Vector search. Nearest neighbor search in high-dimensional spaces is a fundamental ML operation - powering RAG retrieval, recommendation candidates, and duplicate detection. Brute force is O(n×d) per query. HNSW gives you approximate O(log n) search. FAISS's IVF gives you configurable accuracy-speed tradeoffs. Choosing correctly requires understanding the algorithms.
Attention complexity. Standard transformer attention is O(n^2) in sequence length. This is why 4K-context models were the norm for years.

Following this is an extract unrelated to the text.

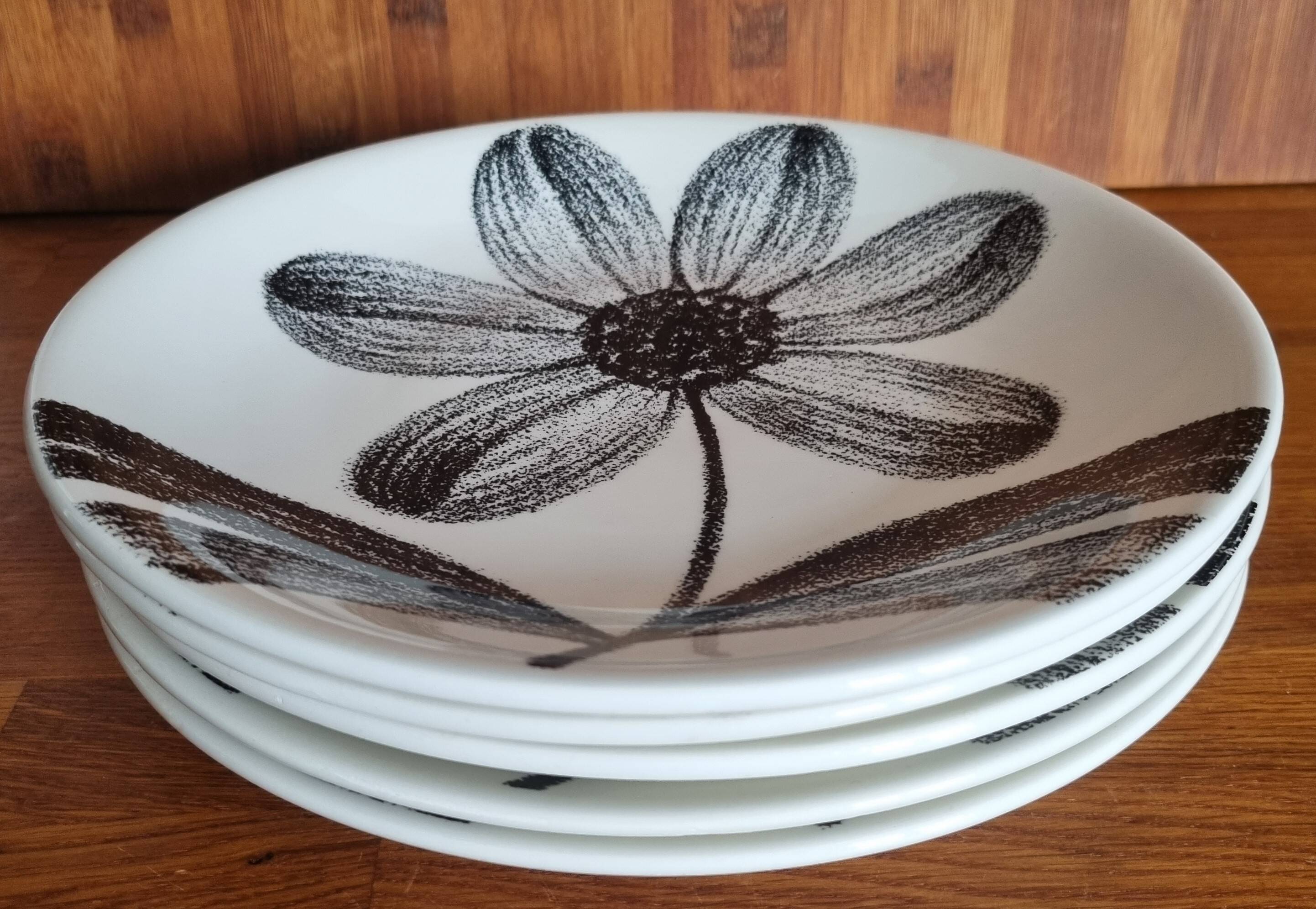 Set of 5 flat faience plates from gien black flower pattern 70s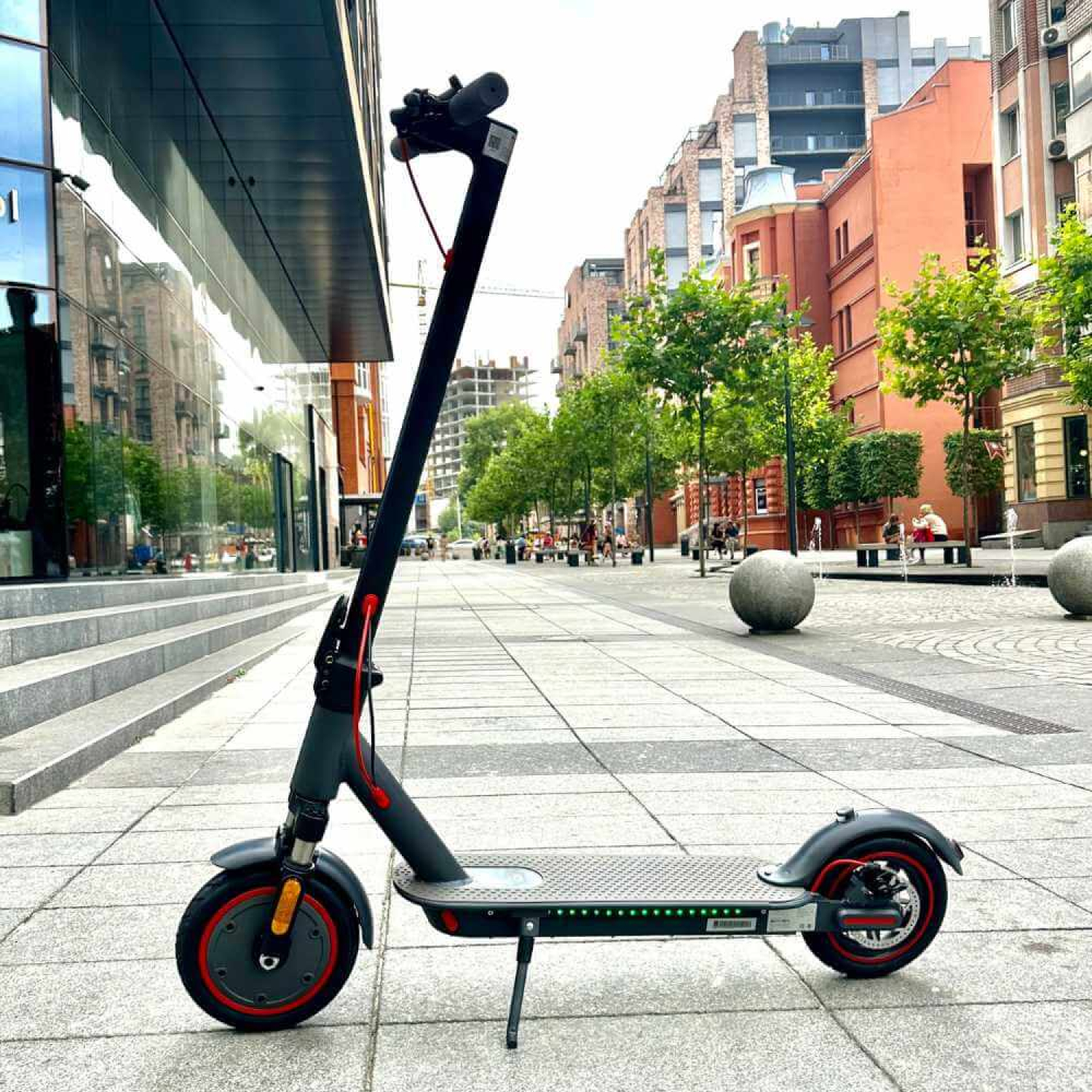 Электросамокат Mi Electric Scooter M365 PRO с передним амортизатором 500W Grey 2025 года , Фото 1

FlashAttention does not change the complexity class but reduces the constant factor by 5-10x through better memory access. Linear attention reduces the complexity class to O(n) but trades approximation quality. Understanding the algorithmic tradeoff is required to reason about long-context model design.
Algorithm Complexity in ML Operations
Lessons in This Module
| # | Lesson | Key Concept |
|---|---|---|
| 1 | Time and Space Complexity for ML | Big-O in practice, when constant factors dominate |
| 2 | Hash Maps and Embeddings | Open addressing, load factors, vocabulary lookup |
| 3 | Trees and Approximate Nearest Neighbors | KD-tree, ball tree, HNSW, IVF, FAISS |
| 4 | Sorting and Sampling at Scale | Reservoir sampling, weighted sampling, top-k |
| 5 | Graph Algorithms for GNNs | BFS/DFS on graphs, subgraph sampling, message passing |
| 6 | Randomized Algorithms in ML | MinHash, LSH, random projections, sketch algorithms |
| 7 | Dynamic Programming in ML | Viterbi, CTC decoding, sequence alignment |
| 8 | Algorithmic Complexity of Attention | O(n^2) analysis, FlashAttention, linear attention |
Key Concepts You Will Master
- HNSW graph structure - the hierarchical navigable small world graph that powers production vector search
- Reservoir sampling - sampling k items from a stream without knowing the stream size
- Top-k with partial sort - O(n log k) instead of O(n log n) for beam search
- LSH (Locality Sensitive Hashing) - the family of algorithms that enable approximate similarity search
- CTC decoding - the dynamic programming algorithm behind speech recognition output alignment
Prerequisites
- Basic algorithm knowledge (O notation, sorting, searching)
- Python proficiency